(Bukan) Sapardi Djoko Damono: Aku ingin mencintaimu dengan sederhana
Jadi bagaimana rasanya mencintai seseorang secara sederhana? Aku tidak tahu persis jawabannya, tapi sepertinya akan terasa mudah. Tidak sama betul seperti puisi Bapak Sapardi Djoko Damono: Aku ingin mencintaimu dengan sederhana, karena sejatinya tidak ada keterlibatan percakapan antara kayu pada api serta isyarat dari awan pada hujan.

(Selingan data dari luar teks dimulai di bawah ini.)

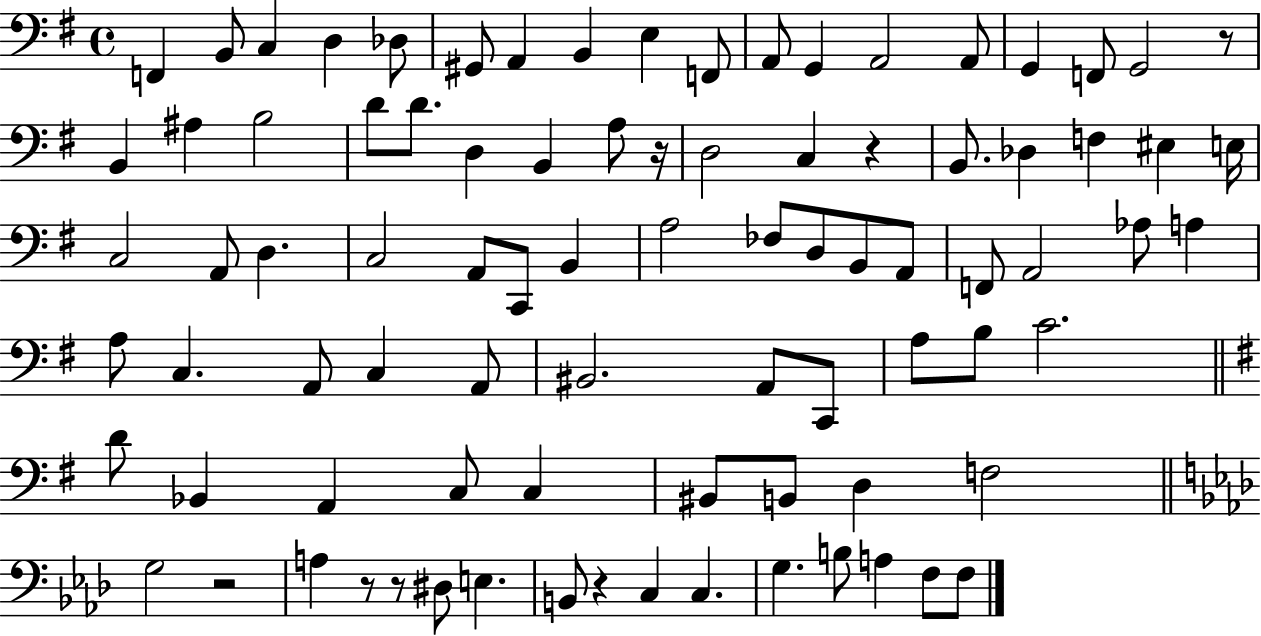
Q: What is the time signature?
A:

Mengalir tenang seperti sungai yang dalam. Tetap beriak, meski pelan. Karena hidup memang di-design seperti itu, kan? Memiliki riak berarti memiliki hidup. Dan mencintai secara sederhana mestinya terasa hidup. Tetap ada air mata, namun ditutup dengan tawa membahana. Tidak gegap gempita, namun terasa nyata.
Karena sering kali kadar serotonin yang tercipta dalam tubuhmu ketika mencinta merancukan segalanya, ya akal sehat, juga logika. Memabukkan, menyenangkan, membuat ketagihan. Menimbulkan khayalan tapi bukan kenyataan.
Tidak, mencintai secara sederhana mestinya tidak semegah itu. Bukan meledak-ledak, kamu akan tetap menemukan logikamu berada pada tempatnya, dengan tambahan rasa hangat menyenangkan yang konstan tercipta. Seperti coklat panas yang kamu hirup ketika hujan turun dengan derasnya? Atau pelukan dari selimut kesayanganmu yang menempel di atas kasur dengan eratnya? Ya, aku rasa sensasinya kurang lebih seperti itu.
Sederhana, bukan sempurna, karna mencintai berarti menerima tanpa terpaksa. Tidak ada kata harus, yang ada hanya ingin. Ingin berada bersisian entah untuk berapa puluh tahun ke depan, apapun kondisinya.
Ya, aku ingin mencintaimu dengan sederhana.